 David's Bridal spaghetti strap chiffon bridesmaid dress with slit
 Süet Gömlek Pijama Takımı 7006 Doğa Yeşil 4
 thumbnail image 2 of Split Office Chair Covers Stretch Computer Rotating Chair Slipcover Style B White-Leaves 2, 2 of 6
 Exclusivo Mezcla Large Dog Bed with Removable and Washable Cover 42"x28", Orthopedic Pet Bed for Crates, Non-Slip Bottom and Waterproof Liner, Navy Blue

...

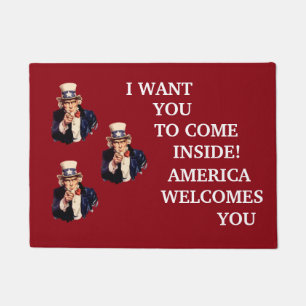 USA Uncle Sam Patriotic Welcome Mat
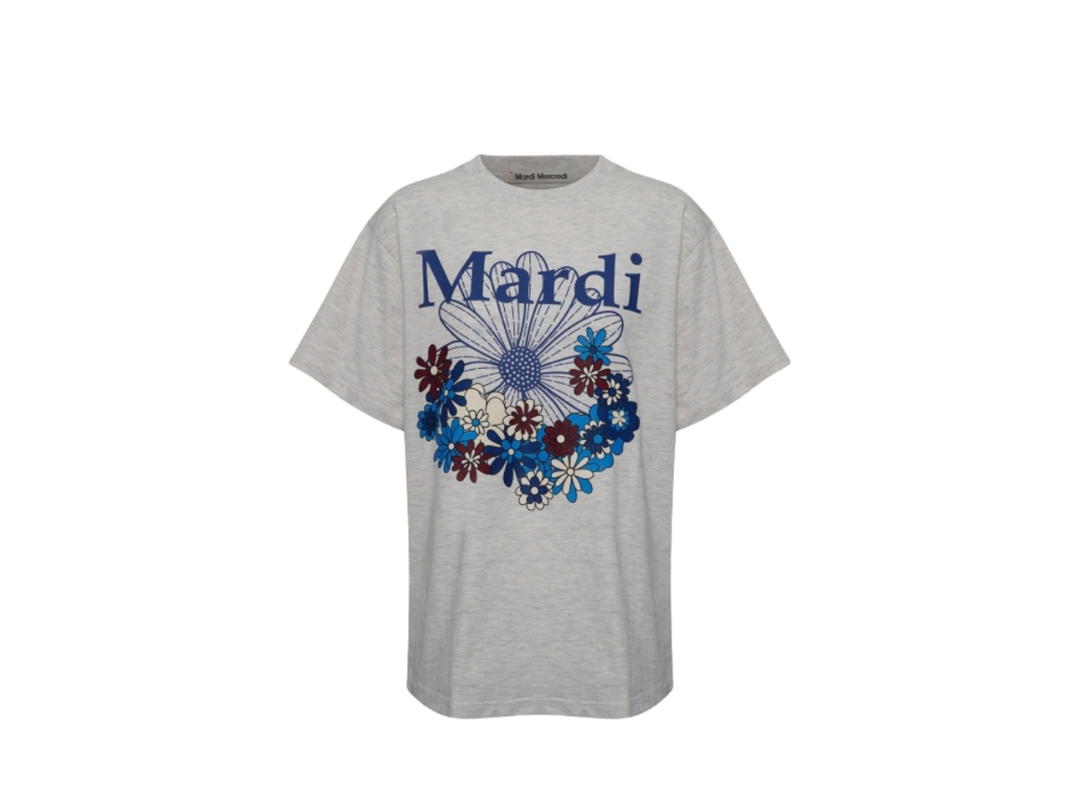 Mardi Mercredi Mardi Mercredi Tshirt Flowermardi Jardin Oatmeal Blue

==

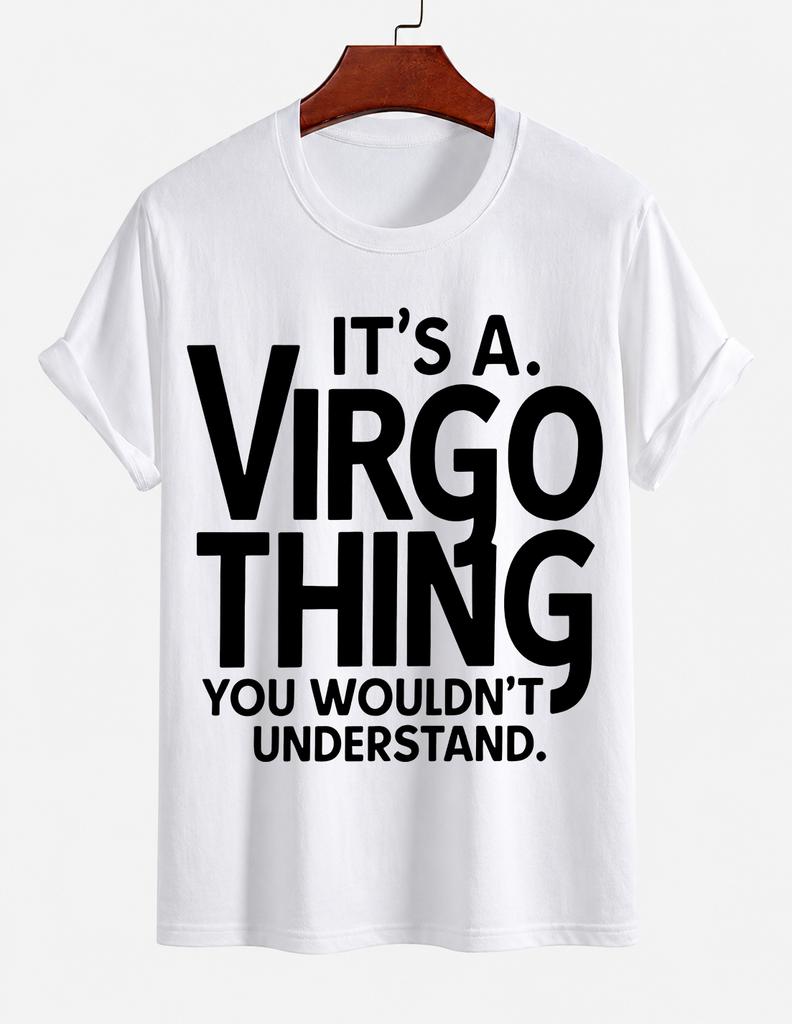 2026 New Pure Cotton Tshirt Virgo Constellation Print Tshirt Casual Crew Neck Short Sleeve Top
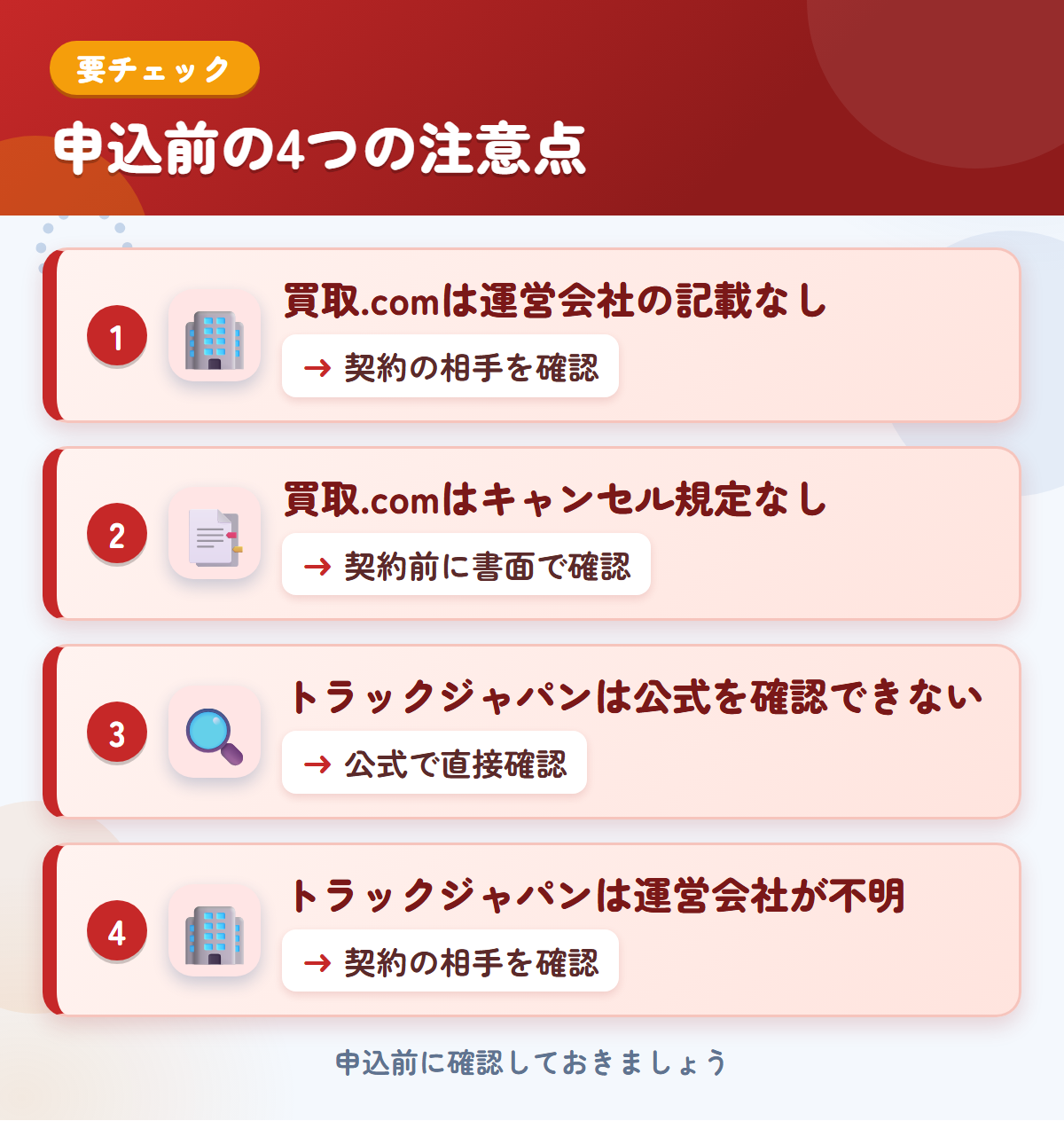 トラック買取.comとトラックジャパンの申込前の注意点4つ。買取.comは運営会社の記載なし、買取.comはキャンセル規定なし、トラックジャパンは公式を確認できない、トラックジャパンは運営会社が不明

▶ What you are asked to do
Please give an exact copy of the lines above, beginning with the line containing "David's Bridal spaghetti" and running through the line containing "Exclusivo Mezcla Large", and of no other lines.

▶ Expected answer
 David's Bridal spaghetti strap chiffon bridesmaid dress with slit
 Süet Gömlek Pijama Takımı 7006 Doğa Yeşil 4
 thumbnail image 2 of Split Office Chair Covers Stretch Computer Rotating Chair Slipcover Style B White-Leaves 2, 2 of 6
 Exclusivo Mezcla Large Dog Bed with Removable and Washable Cover 42"x28", Orthopedic Pet Bed for Crates, Non-Slip Bottom and Waterproof Liner, Navy Blue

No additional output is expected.